TASK MATERIAL
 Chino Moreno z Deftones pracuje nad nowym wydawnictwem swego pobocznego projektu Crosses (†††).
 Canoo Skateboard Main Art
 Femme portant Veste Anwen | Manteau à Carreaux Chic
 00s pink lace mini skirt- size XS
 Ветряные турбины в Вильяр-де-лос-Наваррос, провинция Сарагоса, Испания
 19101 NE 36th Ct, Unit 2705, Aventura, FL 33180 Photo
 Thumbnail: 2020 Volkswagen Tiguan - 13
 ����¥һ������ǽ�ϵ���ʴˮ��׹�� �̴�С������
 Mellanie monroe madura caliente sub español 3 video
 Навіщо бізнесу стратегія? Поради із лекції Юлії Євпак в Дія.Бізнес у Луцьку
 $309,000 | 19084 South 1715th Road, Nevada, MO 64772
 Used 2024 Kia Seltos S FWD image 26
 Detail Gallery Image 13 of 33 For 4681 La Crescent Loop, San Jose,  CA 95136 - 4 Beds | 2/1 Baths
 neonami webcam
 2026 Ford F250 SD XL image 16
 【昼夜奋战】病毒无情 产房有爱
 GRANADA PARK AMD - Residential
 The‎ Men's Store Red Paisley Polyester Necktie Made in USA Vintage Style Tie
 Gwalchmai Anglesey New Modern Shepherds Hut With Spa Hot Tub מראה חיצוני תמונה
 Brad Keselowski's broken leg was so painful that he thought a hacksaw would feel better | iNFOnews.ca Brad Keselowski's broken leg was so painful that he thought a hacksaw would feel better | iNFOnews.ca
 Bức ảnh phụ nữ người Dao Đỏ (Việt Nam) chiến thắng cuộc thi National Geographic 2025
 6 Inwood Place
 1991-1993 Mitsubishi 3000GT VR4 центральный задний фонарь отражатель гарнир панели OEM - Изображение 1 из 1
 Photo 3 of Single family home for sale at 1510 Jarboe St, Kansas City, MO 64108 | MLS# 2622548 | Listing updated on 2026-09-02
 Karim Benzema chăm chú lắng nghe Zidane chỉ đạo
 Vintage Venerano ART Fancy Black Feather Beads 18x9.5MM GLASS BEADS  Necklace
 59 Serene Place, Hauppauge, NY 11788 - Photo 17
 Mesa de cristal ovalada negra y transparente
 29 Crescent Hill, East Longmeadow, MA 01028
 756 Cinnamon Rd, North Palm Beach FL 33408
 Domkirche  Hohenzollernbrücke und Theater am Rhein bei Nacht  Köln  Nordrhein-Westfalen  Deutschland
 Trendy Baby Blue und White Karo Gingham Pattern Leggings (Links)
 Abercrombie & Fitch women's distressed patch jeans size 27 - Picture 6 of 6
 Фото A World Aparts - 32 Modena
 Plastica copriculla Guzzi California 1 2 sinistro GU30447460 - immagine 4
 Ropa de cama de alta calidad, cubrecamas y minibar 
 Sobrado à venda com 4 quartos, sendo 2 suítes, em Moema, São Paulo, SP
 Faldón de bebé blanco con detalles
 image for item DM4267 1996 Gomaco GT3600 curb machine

PROBLEM DESCRIPTION
Copy every line of the entries in which "Photo" can be found.

EXERCISE OUTPUT
 19101 NE 36th Ct, Unit 2705, Aventura, FL 33180 Photo
 Photo 3 of Single family home for sale at 1510 Jarboe St, Kansas City, MO 64108 | MLS# 2622548 | Listing updated on 2026-09-02
 59 Serene Place, Hauppauge, NY 11788 - Photo 17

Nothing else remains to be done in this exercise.